The superhydrophobic coating, seen through a scanning electron microscope(Credit: Rice University)

Scientists at Rice University, the University of Swansea, the University of Bristol and the University of Nice - Sophia Antipolis have developed a new class of hydrocarbon-based material that they say could be "greener" substitute for fluorocarbon-based materials currently used to repel water.

Rice chemist Andrew Barron led the research. He says the team took inspiration from the lotus leaf – one of the most hydrophobic (water-repelling) surfaces known – which is actually made up of a hierarchy of double structures on the microscopic and nano scales.

"In the lotus leaf, these [structures] are due to papillae within the epidermis and epicuticular waxes on top," he said. "In our material, there is a microstructure created by the agglomeration of alumina nanoparticles mimicking the papillae and the hyperbranched organic moieties simulating the effect of the epicuticular waxes."

In order to create those structures, synthesized aluminum oxide nanoparticles were coated with carboxylic acids modified to contain "highly branched hydrocarbon chains." These are spiky structures that make the surface rough, trapping a layer of air to reduce contact between the surface and water droplets, making the water slide off.

Superhydrophobic materials are defined as having a water contact angle more than 150 degrees, where 0 degrees is a puddle and 180 degrees is a sphere of water just touching the surface at a single point. The research team's material achieved an angle of 155 degrees, putting it in the same league as top-notch fluorocarbon-based coatings. A demo can be seen here.

Barron says the coating could be ideal for marine applications where a more eco-friendly material is desired to protect aquatic life.

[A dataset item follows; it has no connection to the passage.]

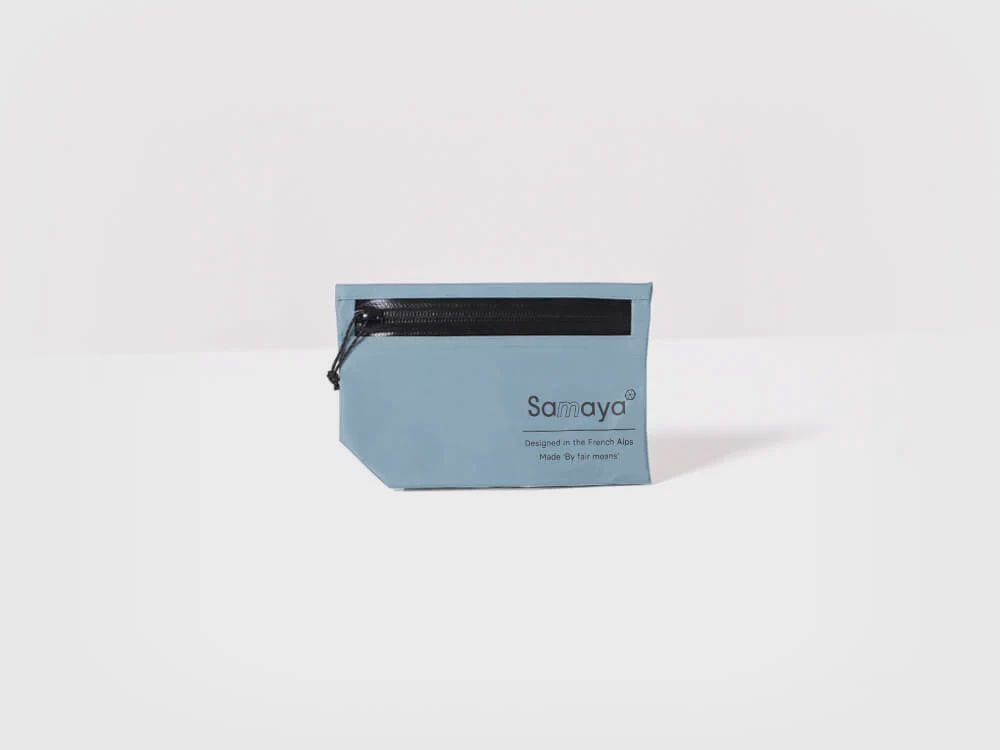 Samaya Wallet, Color: Mineral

He also claims it could be tougher than competing coatings.

"The textured surfaces of other superhydrophobic coatings are often damaged and thus reduce the hydrophobic nature," he said. "Our material has a more random hierarchical structure that can sustain damage and maintain its effects."

Next up, the team will work on improving the material's adhesion to various surfaces and large-scale applications.

A paper on the research was recently published in the journal Applied Materials and Interfaces.